Sarah stiffened her neck. “There ain't no call for you to speak that way, Hannah. They got to talkin' over the 'lection.”
“The 'lection! I'd like to know what business they had talkin' about it Sabbath night anyway? I ain't blamin' Barnabas so much; he's younger an' easier stirred up; but Cephas Barnard is an old man, an' he has been a church-member for forty year, an' he ought to know enough to set a better example. I'd like to know what difference it makes about the 'lection anyway? What odds does it make which one is President if he rules the country well? An' that they can't tell till they've tried him awhile anyway. I guess they don't think much about the country; it's jest to have their own way about it. I'd like to know what mortal difference it's goin' to make to Barney Thayer or Cephas Barnard which man is President? He won't never hear of them, an' they won't neither of them make him rule any different after he's chose. It's jest like two little boys—one wants to play marbles 'cause the other wants to play puss-in-the-corner, an' that's all the reason either one of 'em's got for standin' out. Men ain't got any too much sense anyhow, when you come right down to it. They don't ever get any too much grown up, the best of 'em. I'd like to know what Cephas Barnard has got to say because he's drove a good, likely young man like Barnabas Thayer off an' broke off his daughter's match? It ain't likely she'll ever get anybody now; young men like him, with nice new houses put up to go right to housekeepin' in as soon as they are married, don't grow on every bush. They ain't quite so thick as wild thimbleberries. An' Charlotte ain't got any money herself, an' her father ain't got any to build a house for her. I'd like to know what he's got to say about it?”
Mrs. Barnard put up her apron and began to weep helplessly.
“Don't, mother,” said Charlotte, in an undertone. But her mother began talking in a piteous wailing fashion.

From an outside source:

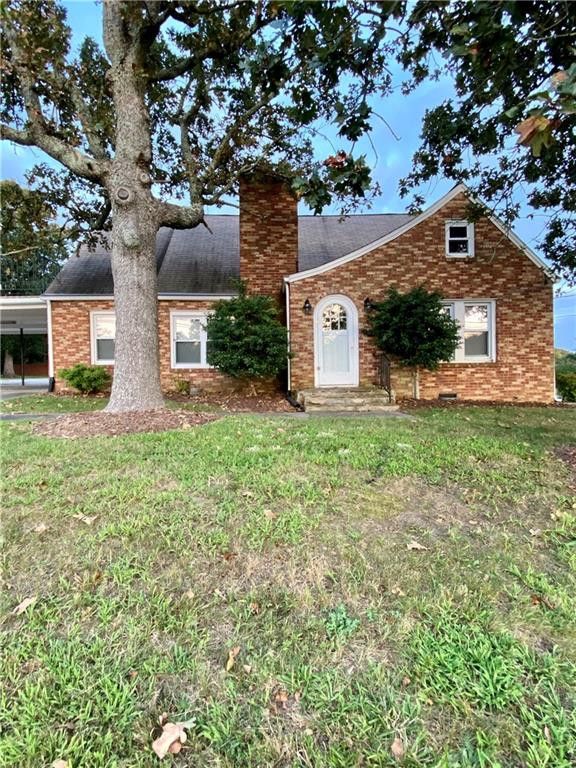 1230 Rauhut St, Burlington, NC 27217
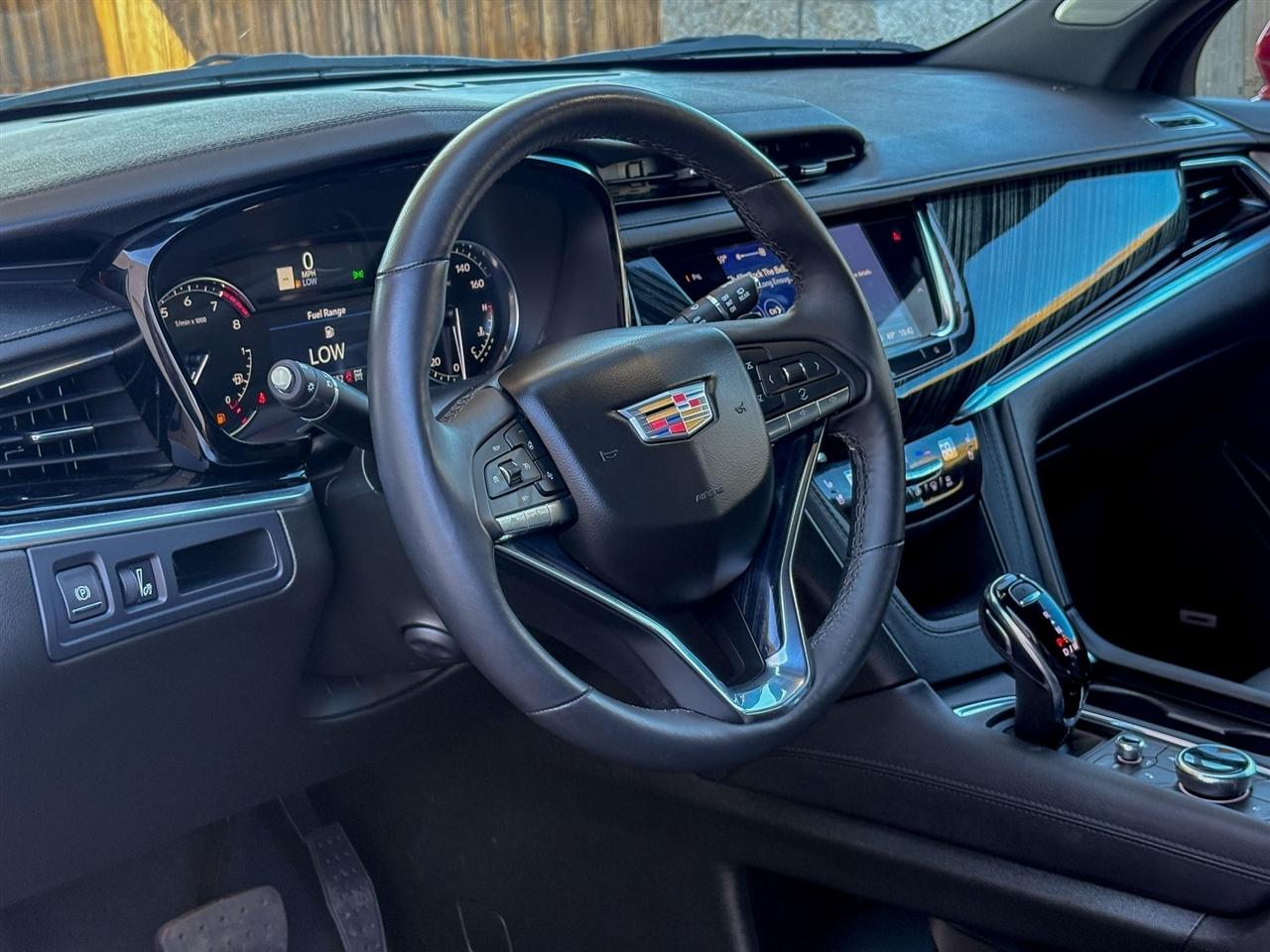 Cadillac XT6 Premium Luxury AWD 2024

“You hadn't ought to talk so about Cephas,” she moaned. “He's my husband. I guess you wouldn't like it if anybody talked so about your husband. Cephas ain't any worse than anybody else. It's jest his way. He wa'n't any more to blame than Barney; they both got to talkin'. I know Cephas is terrible upset about it this mornin'; he 'ain't really said so in so many words, but I know by the way he acts. He said this mornin' that he didn't know but we were eatin' the wrong kind of food. Lately he's had an idea that mebbe we'd ought to eat more meat; he's thought it was more strengthenin', an' we'd ought to eat things as near like what we wanted to strengthen as could be. I've made a good deal of bone soup. But now he says he thinks mebbe he's been mistaken, an' animal food kind of quickens the animal nature in us, an' that we'd better eat green things an' garden sass.”
“I guess garden sass will strengthen the other kind of sass that Cephas Barnard has got in him full as much as bone soup has,” interrupted Hannah Berry, with a sarcastic sniff.
“I dunno but he's right,” said Mrs. Barnard. “Cephas thinks a good deal an' looks into things. I kind of wish he'd waited till the garden had got started, though, for there ain't much we can eat now but potatoes an' turnips an' dandelion greens.”
“If you want to live on potatoes an' turnips an' dandelion greens, you can,” cried Hannah Berry; “What I want to know is if you're goin' to settle down an' say nothin', an' have Charlotte lose the best chance she'll ever have in her life, if she lives to be a hundred—”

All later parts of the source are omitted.